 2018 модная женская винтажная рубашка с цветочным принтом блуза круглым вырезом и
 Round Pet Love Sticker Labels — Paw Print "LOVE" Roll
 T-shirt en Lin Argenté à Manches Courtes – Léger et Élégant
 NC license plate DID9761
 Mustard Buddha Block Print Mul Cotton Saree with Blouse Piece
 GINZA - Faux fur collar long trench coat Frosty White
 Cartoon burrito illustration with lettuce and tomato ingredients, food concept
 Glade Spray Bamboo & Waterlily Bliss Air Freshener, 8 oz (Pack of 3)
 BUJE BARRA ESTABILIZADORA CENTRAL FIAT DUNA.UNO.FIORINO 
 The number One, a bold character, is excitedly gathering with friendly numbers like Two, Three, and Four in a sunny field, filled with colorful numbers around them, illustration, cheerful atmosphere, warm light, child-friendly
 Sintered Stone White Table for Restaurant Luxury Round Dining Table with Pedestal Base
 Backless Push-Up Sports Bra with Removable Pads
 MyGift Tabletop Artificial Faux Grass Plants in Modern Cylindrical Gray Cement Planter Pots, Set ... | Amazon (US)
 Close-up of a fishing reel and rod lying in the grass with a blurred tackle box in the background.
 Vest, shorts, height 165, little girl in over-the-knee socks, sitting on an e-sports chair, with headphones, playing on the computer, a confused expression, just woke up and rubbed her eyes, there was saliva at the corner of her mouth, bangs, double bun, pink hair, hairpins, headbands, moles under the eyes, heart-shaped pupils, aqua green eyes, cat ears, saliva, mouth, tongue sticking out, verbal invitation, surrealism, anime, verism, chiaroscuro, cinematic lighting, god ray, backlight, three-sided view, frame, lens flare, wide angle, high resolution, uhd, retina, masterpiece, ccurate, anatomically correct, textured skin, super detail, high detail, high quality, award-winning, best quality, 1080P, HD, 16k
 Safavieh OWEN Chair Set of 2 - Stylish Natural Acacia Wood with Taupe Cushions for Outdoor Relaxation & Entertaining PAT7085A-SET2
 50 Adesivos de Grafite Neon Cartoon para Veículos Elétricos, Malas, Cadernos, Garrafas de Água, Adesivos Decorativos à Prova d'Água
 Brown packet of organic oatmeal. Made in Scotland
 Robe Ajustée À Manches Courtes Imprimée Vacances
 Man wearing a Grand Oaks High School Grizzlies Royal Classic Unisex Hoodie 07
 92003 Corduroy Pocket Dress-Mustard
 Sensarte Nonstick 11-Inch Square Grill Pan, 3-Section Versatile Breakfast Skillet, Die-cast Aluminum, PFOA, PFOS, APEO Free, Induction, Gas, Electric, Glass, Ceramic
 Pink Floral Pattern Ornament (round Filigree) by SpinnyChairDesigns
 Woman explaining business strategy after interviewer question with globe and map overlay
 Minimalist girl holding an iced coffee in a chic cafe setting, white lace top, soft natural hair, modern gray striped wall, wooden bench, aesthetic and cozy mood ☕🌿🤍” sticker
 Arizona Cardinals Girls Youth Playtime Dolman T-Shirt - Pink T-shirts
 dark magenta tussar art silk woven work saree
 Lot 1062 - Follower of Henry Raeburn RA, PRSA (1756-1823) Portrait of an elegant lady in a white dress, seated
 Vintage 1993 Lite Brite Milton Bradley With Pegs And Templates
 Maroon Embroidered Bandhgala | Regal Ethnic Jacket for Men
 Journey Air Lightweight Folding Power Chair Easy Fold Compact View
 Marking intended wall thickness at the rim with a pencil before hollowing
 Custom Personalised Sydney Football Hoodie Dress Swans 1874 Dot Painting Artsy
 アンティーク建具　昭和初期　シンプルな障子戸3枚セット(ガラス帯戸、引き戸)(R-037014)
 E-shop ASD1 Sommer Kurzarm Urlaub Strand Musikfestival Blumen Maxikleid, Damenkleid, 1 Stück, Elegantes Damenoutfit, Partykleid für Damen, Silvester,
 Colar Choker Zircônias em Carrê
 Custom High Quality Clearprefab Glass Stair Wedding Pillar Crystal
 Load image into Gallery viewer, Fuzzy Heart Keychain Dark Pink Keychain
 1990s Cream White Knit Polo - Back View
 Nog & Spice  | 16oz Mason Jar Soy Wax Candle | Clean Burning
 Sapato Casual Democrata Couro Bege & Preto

__ACTIVITY__
Return the lines above precisely as they appear, beginning at the first line and ending at the line with "Backless Push-Up Sports", and nothing after it.

__WRITTEN REPLY__
 2018 модная женская винтажная рубашка с цветочным принтом блуза круглым вырезом и
 Round Pet Love Sticker Labels — Paw Print "LOVE" Roll
 T-shirt en Lin Argenté à Manches Courtes – Léger et Élégant
 NC license plate DID9761
 Mustard Buddha Block Print Mul Cotton Saree with Blouse Piece
 GINZA - Faux fur collar long trench coat Frosty White
 Cartoon burrito illustration with lettuce and tomato ingredients, food concept
 Glade Spray Bamboo & Waterlily Bliss Air Freshener, 8 oz (Pack of 3)
 BUJE BARRA ESTABILIZADORA CENTRAL FIAT DUNA.UNO.FIORINO 
 The number One, a bold character, is excitedly gathering with friendly numbers like Two, Three, and Four in a sunny field, filled with colorful numbers around them, illustration, cheerful atmosphere, warm light, child-friendly
 Sintered Stone White Table for Restaurant Luxury Round Dining Table with Pedestal Base
 Backless Push-Up Sports Bra with Removable Pads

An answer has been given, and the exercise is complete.